WHITEWATER

The conventional wisdom in Washington is that Whitewater’s dead, at least for this election season. White House aides are elated at a Little Rock jury’s acquittal of two Arkansas bankers on four felony counts. Deputy counsel Bruce Lindsey, reportedly the president’s closest friend in the White House, had been an officially designated “unindicted co-conspirator” in an alleged conspiracy to conceal large cash withdrawals by Bill Clinton’s 1990 gubernatorial campaign. But Lindsey’s principal accuser, Neal T. Ainley, bombed during testimony, and several jurors told reporters that none of them believed Ainley at all.

End of story? Hardly. According to the New York Times, the Whitewater jurors didn’t trust Lindsey, either. One of them, Mary M. Zinamon, told the Times that Lindsey’s testimony “was the same as Ainley’s.” She “didn’t believe a thing [Lindsey] was saying” because it “just didn’t make sense.” Another juror, Betty I. Sweeden, said none of the jurors believed Lindsey. And USA Today now reports that jurors say they would have convicted Lindsey of conspiracy had he actually been on trial.
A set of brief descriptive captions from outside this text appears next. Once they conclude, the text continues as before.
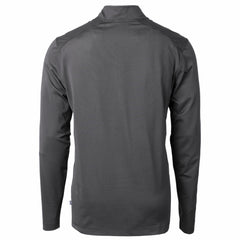 Detroit Lions  Cutter & Buck Big & Tall Virtue Eco Pique Micro Stripe Tri-Blend Quarter-Zip Jacket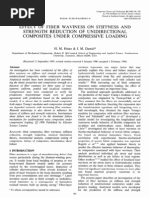 3 - H. M. Hsiao & I. M. Daniel - Effect of Fiber Waviness on Stiffness and Strength Reduction of Uniderectional Composites Under Compressive Loading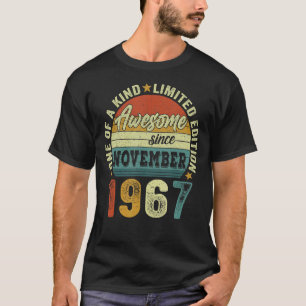 Awesome Since November 1967 55 Years Old Boy 55th T-Shirt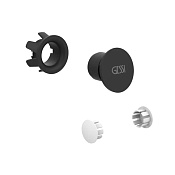 Комплект заглушек для перелива и боковых отверстий, Black XL Gessi 37587#299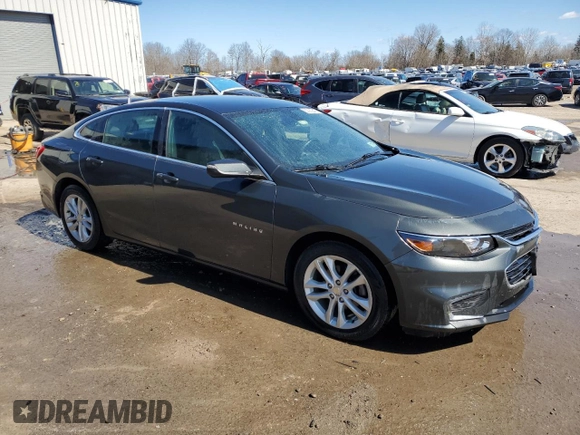 2017 Chevrolet Malibu LT with VIN 1G1ZE5STXHF125621, listed as a Copart auction lot 50383845 with 56,987 mi miles and Salvage Title. Bid and sale history available at DreamBid. Image 4.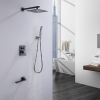 Complete Shower System with Tub Spout Matte Black RCS85012MB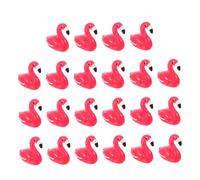 VICASKY 100 Pièces Miniature Resin Flamingo Figures Small Animal Ornaments for DIY Crafts Fairy Garden Home Decor and Tropical Party Accents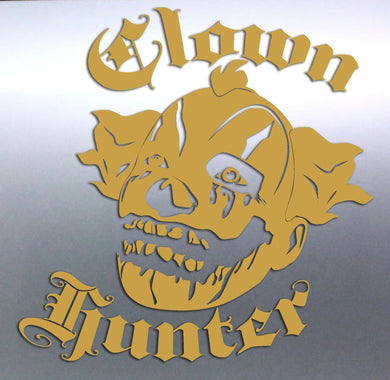 Clown Hunter Sticker Vinyl Cut killer Scary Dead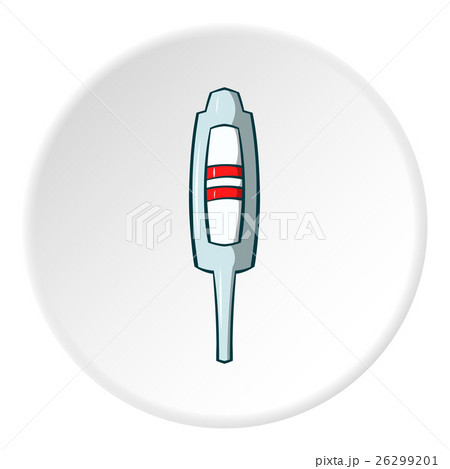Pregnancy test icon, cartoon style Pregnancy test icon, cartoon style 26299201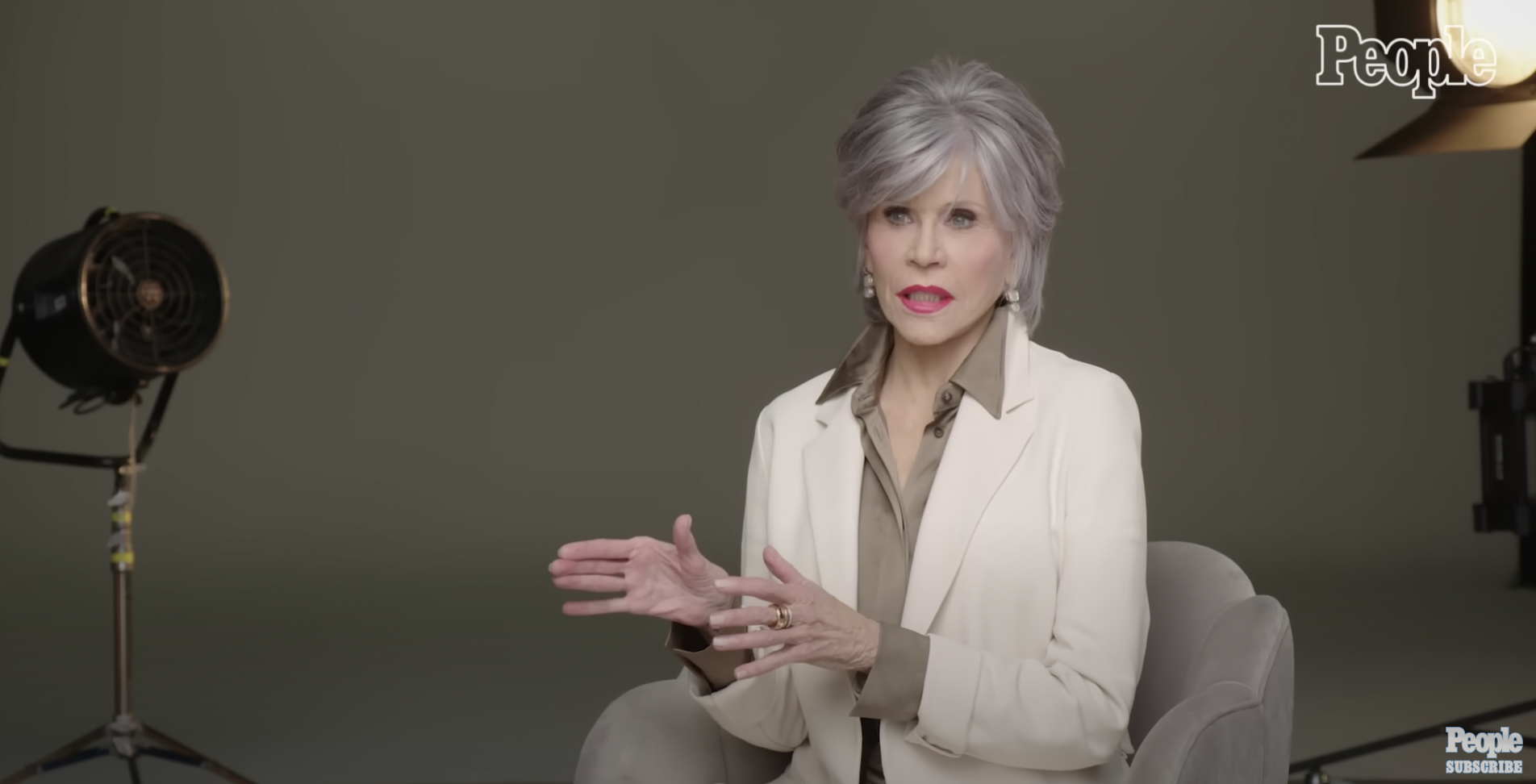 Jane Fonda talks about the climate crisis in an interview with People | Source: youtube.com/People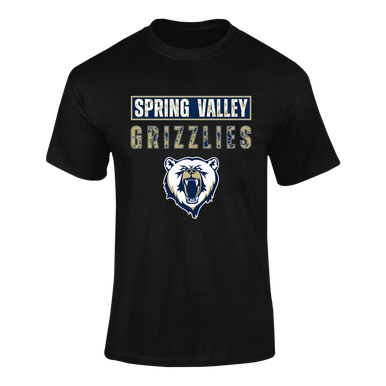 Spring Valley Grizzlies Mascot #9 Men's Premium SS T-Shirt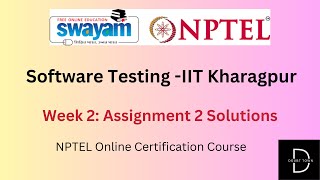 Software Testing IIT Kharagpur Week 2 Assignment Answers Jan 2024 NPTEL [upl. by Kenley463]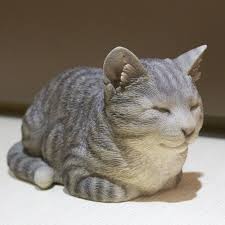 Pictures of cute silver tabby kittens. Sleeping Grey Tabby Cat Statue Walmart Com Walmart Com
Now attorneys in the Whitewater prosecutor’s office are telling people they will consider issuing new indictments as late as the end of September — for almost another two months, in other words — before suspending public activity during the presidential election. They have hired another prosecutor to look at the behavior of Lindsey and other White House staffers. And they have designated a prosecutor in Little Rock to focus on Mrs. Clinton’s pre- Washington activities. Convicted Whitewater felon James McDougal, USA Today reveals, “has been talking to Whitewater prosecutors in advance of his sentencing.”

Once again, the conventional wisdom may prove to be wrong.